The spy bill passed the Senate Intelligence Committee on Tuesday, with the provision in it. The lone no vote came from Sen. Ron Wyden, D-Ore., who wrote in a statement that one of the bill’s provisions “would allow any FBI field office to demand email records without a court order, a major expansion of federal surveillance powers.”
Wyden did not disclose exactly what the provision would allow, but his spokesperson suggested it might go beyond email records to things like web-surfing histories and other information about online behavior. “Senator Wyden is concerned it could be read that way,” Keith Chu said.
It’s unclear how or when the provision was added, although Sens. Richard Burr, R-N.C., — the committee’s chairman — and Tom Cotton, R-Ark., have both offered bills in the past that would address what the FBI calls a gap and privacy advocates consider a serious threat to civil liberties.
“At this point, it should go without saying that the information the FBI wants to include in the statue is extremely revealing — URLs, for example, may reveal the content of a website that users have visited, their location, and so on,” Andrew Crocker, staff attorney for the Electronic Frontier Foundation, wrote in an email to The Intercept.
“And it’s particularly sneaky because this bill is debated behind closed doors,” Robyn Greene, policy counsel at the Open Technology Institute, said in an interview.

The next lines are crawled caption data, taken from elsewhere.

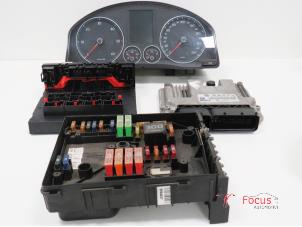 Used Ignition lock + computer Volkswagen Eos (1F7/F8) 2.0 TDI DPF Price € 200,00 Margin scheme offered by Focus Automotive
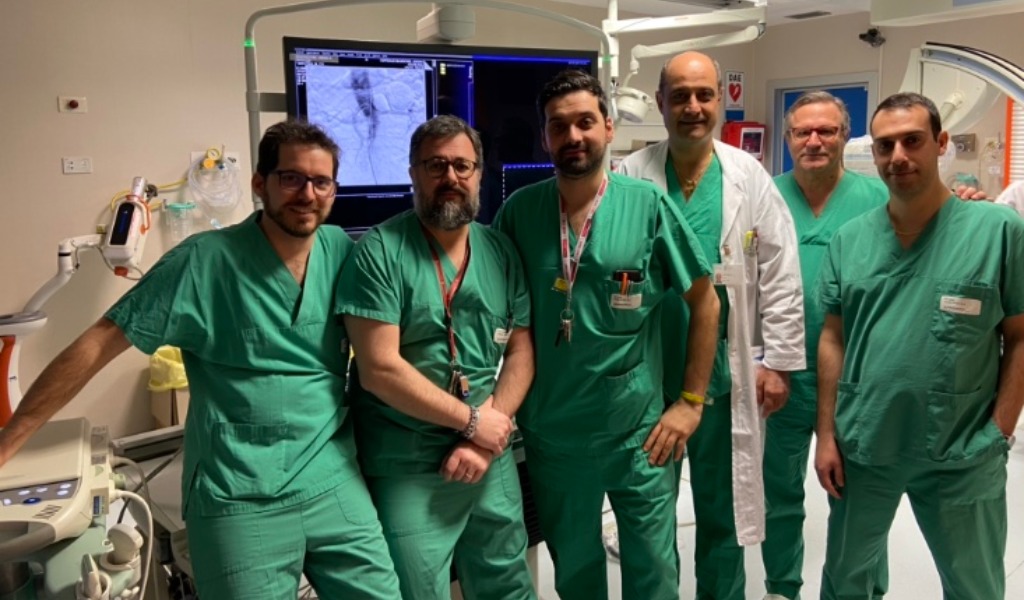 Eseguito per la prima volta a Crema un intervento di endoprotesi aortica fenestrata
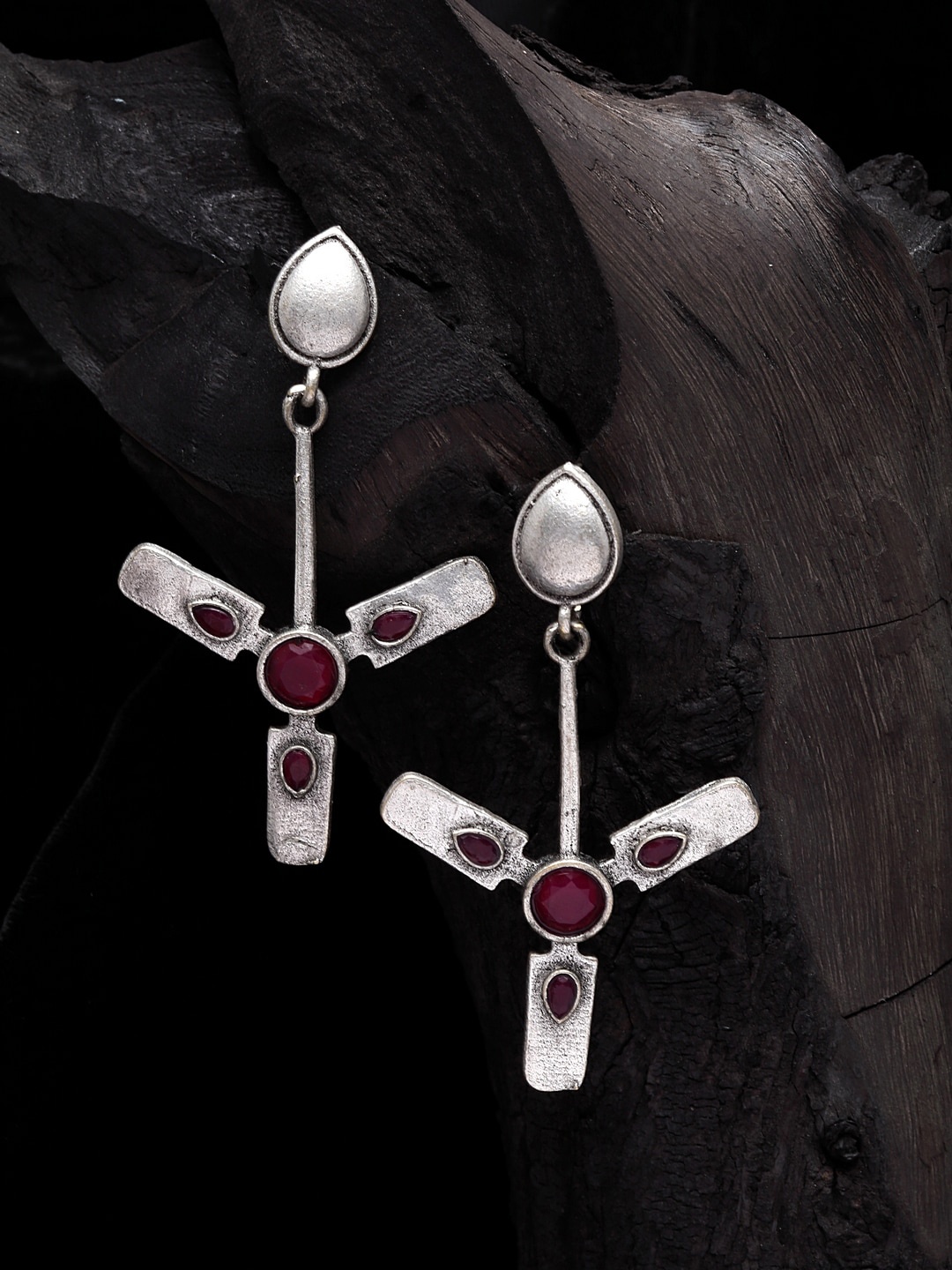 

Moedbuille Red Contemporary Drop Earrings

In February, FBI Director James Comey testified during a Senate Intelligence Committee hearing on worldwide threats that the FBI’s inability to get email records with NSLs was a “typo” — and that fixing it was one of the FBI’s top legislative priorities.
Greene warned at the time: “Unless we push back against Comey now, before you know it, the long slow push for an [electronic communication transactional records] fix may just be unstoppable.”
The FBI used to think that it was, in fact, allowed to get email records with NSLs, and did so routinely until the Justice Department under George W. Bush told the bureau that it had interpreted its powers overly broadly.
Ever since, the FBI has tried to get that power and has been rejected, including during negotiations over the USA Freedom Act.
The FBI’s power to issue NSLs is actually derived from the Electronic Communications Privacy Act — a 1986 law that Congress is currently working to update to incorporate more protections for electronic communications — not fewer. The House unanimously passed the Email Privacy Act in late April, while the Senate is due to vote on its version this week.
Sen. John Cornyn, R-Texas, is expected to offer an amendment that would mirror the provision in the intelligence bill.
Privacy advocates warn that adding it to the broadly supported reform effort would backfire.
“If [the provision] is added to ECPA, it’ll kill the bill,” Gabe Rottman, deputy director of the Center for Democracy and Technology’s freedom, security, and technology project, wrote in an email to The Intercept. “If it passes independently, it’ll create a gaping loophole. Either way, it’s a big problem and a massive expansion of government surveillance authority.”
NSLs have a particularly controversial history. In 2008, Justice Department Inspector General Glenn Fine blasted the FBI for using NSLs supported by weak evidence and documentation to collect information on Americans, some of which “implicated the target’s First Amendment rights.”
“NSLs have a sordid history. They’ve been abused in a number of ways, including … targeting of journalists and … use to collect an essentially unbounded amount of information,” Crocker wrote.
One thing that makes them particularly easy to abuse is that recipients of NSLs are subject to a gag order that forbids them from revealing the letters’ existence to anyone, much less the public.